Na avaliação da psicóloga Patrícia Fagundes, o dinamismo e a impaciência que marcam a geração Y “são expressões que traduzem” os avanços telemáticos da sociedade contemporânea

O conceito de liderança individual deve mudar a partir da inserção da geração Y no mercado de trabalho. Isso porque, segundo a psicóloga e professora de Gestão, Patrícia Fagundes, os novos trabalhadores compreendem o mundo de forma mais dinâmica, conectado e “com fontes de informação que extrapolam as tradicionais figuras de autoridade como pais e professores”. Para futuro, explica, “a tendência é de que tenhamos líderes que compreendam a liderança menos como uma posição, e mais como um processo”.

Na entrevista que segue, concedida por e-mail à IHU On-Line, Patrícia menciona que as dificuldades de relação entre as gerações X e Y sé dão no ambiente profissional e tem a ver com “o significado de trabalho” para ambos. “É comum que os Xs sejam workholics, e que tenham se acostumado com dicotomias do tipo vida profissional = trabalho duro; vida pessoal = lazer. Não passa pela cabeça dos Ys esta separação. Arrisco a dizer que para os Ys, trabalho tem que equivaler a algo do tipo “prazer remunerado”, ou algo próximo a isto”.

Graduada em Psicologia pela Unisinos, mestre em Administração de Empresas e doutora em Psicologia pela PUCRS, Patrícia Fagundes é professora-pesquisadora do Mestrado Profissional em Gestão e Negócios,
da Unisinos e dos cursos de Administração. Entre as obras publicadas está A dimensão coletiva da liderança, divulgada nos Cadernos IHU Ideias, de 13-07-2009, edição 120. Disponível em http://migre.me/4yiWS.

Confira a entrevista.



IHU On-Line - Como descreve a geração Y?

Patrícia Fagundes - Não há uma concordância quanto ao ano de nascimento dos “Ys”, variando as referências entre 1978 e 1984. Mas o que difere a geração Net de suas antecessoras é principalmente o fato de esta ser a primeira geração a crescer cercada pela mídia digital, tendo contato e interação, ainda na infância, com a tecnologia digital (jogos, internet, celulares). Assim, o fator determinante para a caracterização de um “sujeito Y” é o contexto telemático com que, desde cedo, ele interage.
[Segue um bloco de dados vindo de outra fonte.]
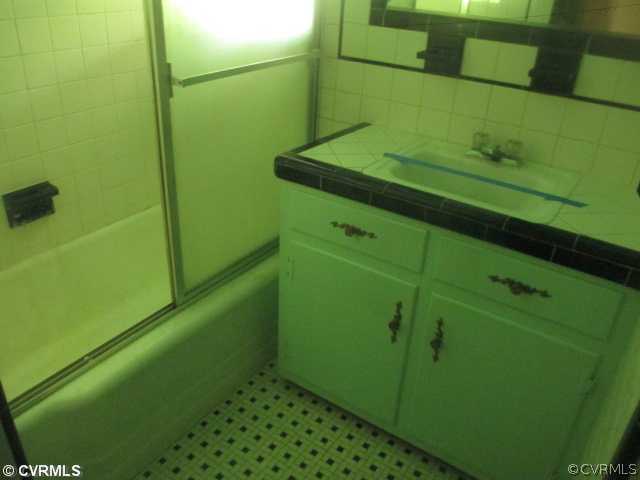 1204 Dare Road Yorktown, VA 23692 - Photo 9 of 10 Bathroom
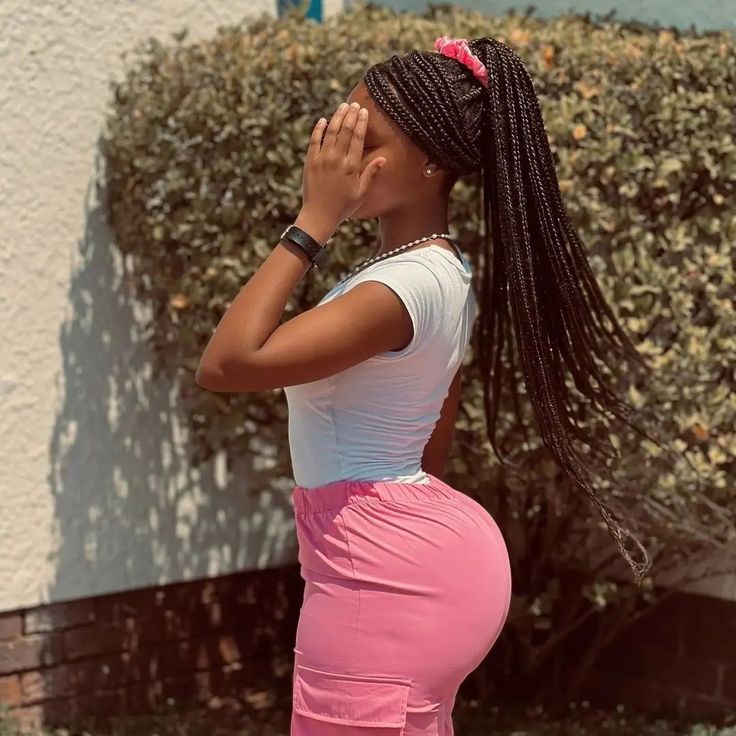 Wait a damn minute, why are the teens looking like that nowadays? At 15, 16 a girl is already developed like a woman na by the time they reach 19 20 even some the breasts have retired?

Men be careful btw, always verify they have and ID or even ask for consent from their parents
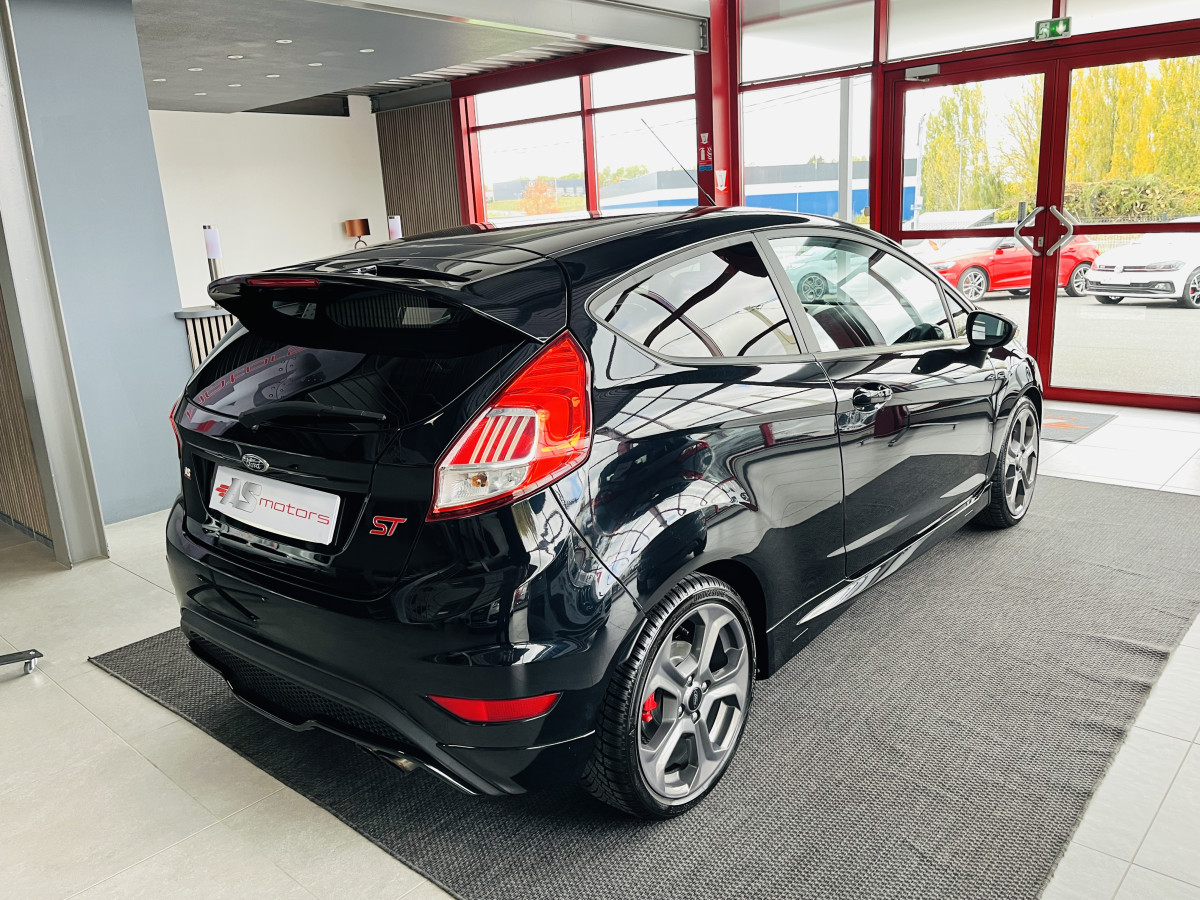 FORD FIESTA ST 1,6 182 PACK PERFORMANCE KEYLESS HIFI SONY PHARES HALOGENE JANTES 17 DANS UN EXCELLENT ETAT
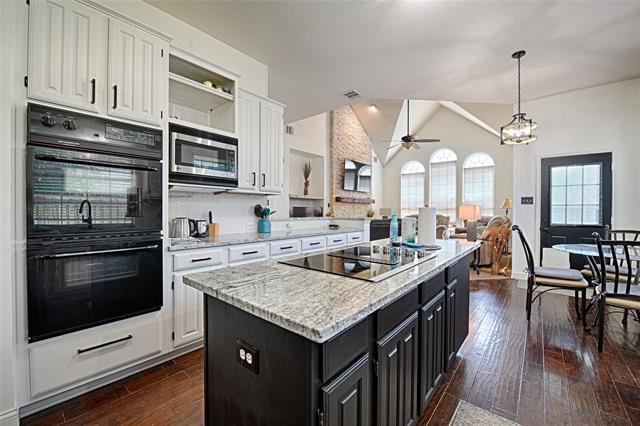 Building Photo - 2400 Sweet Grass Trail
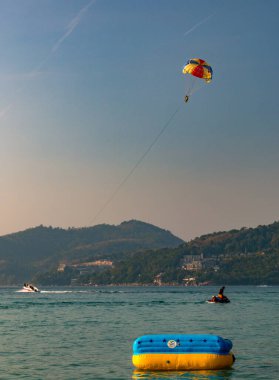 Bazı insanlar Phuket, Tayland 'da güneşin tadını çıkarıyorlar.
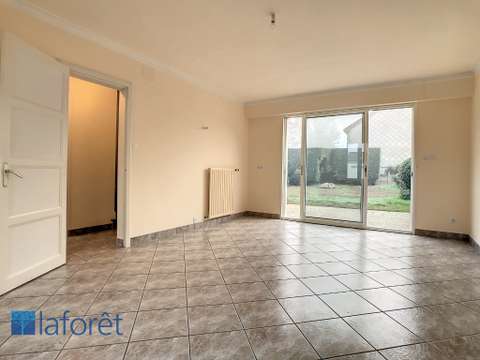 Location maison 5 pièces Saint-Pierre-Montlimart 49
Obviamente, este é um fator que interdepende de todo um contexto socioeconômico-cultural que não pode ser esquecido nesta identificação e compreensão da geração Y. A despeito destas especificidades de cada contexto, é possível identificar características convergentes aos Ys, tais como: a) capacidade de criar e empreender; b) capacidade de manter relacionamentos sociais e de trabalho em equipe, embora reivindiquem autonomia em suas opiniões e atuação; c) inclinação para ações e resultados mais imediatos, constantemente demandando e fornecendo feedbacks.

Podem estar fisicamente “individualizados” (ele e o computador), mas não são individualistas: estão conectados ao coletivo, o tempo todo, pela “rede”. Tendem evidenciam preocupação com a ética e a inclusão.
A intensidade e nuances de manifestação de tais características precisam, portanto, ser compreendidas dinamicamente e em relação ao contexto socioeconômico-cultural em questão.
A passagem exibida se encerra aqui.